*** Supplied information ***

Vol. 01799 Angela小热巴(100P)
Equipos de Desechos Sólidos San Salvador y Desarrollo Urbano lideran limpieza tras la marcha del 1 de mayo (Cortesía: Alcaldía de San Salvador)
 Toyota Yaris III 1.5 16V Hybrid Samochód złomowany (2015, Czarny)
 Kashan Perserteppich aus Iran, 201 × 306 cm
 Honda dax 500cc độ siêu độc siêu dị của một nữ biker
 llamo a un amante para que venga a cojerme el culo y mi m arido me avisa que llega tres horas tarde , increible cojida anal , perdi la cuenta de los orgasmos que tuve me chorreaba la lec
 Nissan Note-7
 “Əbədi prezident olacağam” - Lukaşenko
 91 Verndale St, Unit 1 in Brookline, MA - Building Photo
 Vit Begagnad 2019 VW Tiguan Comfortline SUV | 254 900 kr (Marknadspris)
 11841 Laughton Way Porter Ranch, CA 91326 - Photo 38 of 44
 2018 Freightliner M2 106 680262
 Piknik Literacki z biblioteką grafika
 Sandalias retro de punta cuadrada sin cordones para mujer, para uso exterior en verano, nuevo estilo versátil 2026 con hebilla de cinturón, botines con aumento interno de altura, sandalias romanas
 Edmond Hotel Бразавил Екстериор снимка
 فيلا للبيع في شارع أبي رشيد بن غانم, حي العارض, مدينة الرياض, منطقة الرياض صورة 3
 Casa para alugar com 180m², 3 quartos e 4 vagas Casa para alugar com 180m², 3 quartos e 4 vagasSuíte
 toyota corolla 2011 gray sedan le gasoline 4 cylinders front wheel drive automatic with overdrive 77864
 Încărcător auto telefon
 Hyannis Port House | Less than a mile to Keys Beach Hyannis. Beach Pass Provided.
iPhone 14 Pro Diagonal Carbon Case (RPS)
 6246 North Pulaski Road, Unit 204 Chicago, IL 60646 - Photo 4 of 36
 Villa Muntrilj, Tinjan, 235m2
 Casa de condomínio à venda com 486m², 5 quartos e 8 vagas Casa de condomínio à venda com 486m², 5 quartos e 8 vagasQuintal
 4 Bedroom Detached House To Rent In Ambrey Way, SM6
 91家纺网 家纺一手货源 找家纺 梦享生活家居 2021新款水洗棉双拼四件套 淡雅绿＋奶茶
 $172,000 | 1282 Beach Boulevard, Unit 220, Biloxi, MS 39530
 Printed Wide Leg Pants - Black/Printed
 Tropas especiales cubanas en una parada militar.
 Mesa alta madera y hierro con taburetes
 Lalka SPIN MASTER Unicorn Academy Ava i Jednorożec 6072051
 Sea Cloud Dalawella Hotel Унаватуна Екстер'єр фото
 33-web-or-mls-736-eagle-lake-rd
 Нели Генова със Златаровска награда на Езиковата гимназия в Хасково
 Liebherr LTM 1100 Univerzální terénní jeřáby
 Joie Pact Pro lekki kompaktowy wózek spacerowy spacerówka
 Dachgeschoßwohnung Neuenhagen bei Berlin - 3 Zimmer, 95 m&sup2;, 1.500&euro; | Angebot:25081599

***

Return word for word the lines above from the line with "Lalka SPIN MASTER" to the line with "Joie Pact Pro", including both and leaving out all others.

 Lalka SPIN MASTER Unicorn Academy Ava i Jednorożec 6072051
 Sea Cloud Dalawella Hotel Унаватуна Екстер'єр фото
 33-web-or-mls-736-eagle-lake-rd
 Нели Генова със Златаровска награда на Езиковата гимназия в Хасково
 Liebherr LTM 1100 Univerzální terénní jeřáby
 Joie Pact Pro lekki kompaktowy wózek spacerowy spacerówka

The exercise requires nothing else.